### What you have to do
Everything from the line with "Toyota Avalon XSE" to the end of the entries should be copied exactly, and nothing else.

### Data section
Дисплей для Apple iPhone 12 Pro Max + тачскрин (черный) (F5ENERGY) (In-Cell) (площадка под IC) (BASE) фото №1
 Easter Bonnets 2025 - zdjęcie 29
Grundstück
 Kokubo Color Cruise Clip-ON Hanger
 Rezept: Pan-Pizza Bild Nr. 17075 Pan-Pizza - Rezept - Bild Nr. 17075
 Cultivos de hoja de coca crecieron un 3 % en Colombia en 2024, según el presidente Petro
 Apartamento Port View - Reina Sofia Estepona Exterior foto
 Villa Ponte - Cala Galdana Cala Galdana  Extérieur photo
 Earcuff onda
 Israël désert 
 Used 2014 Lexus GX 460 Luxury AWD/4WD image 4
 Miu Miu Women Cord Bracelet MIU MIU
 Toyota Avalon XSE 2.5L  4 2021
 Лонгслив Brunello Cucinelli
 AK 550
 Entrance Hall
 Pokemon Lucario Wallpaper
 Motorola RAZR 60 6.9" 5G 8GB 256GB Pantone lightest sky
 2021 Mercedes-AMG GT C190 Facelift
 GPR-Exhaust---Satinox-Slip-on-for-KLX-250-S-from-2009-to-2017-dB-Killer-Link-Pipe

### Answer to this task
 Toyota Avalon XSE 2.5L  4 2021
 Лонгслив Brunello Cucinelli
 AK 550
 Entrance Hall
 Pokemon Lucario Wallpaper
 Motorola RAZR 60 6.9" 5G 8GB 256GB Pantone lightest sky
 2021 Mercedes-AMG GT C190 Facelift
 GPR-Exhaust---Satinox-Slip-on-for-KLX-250-S-from-2009-to-2017-dB-Killer-Link-Pipe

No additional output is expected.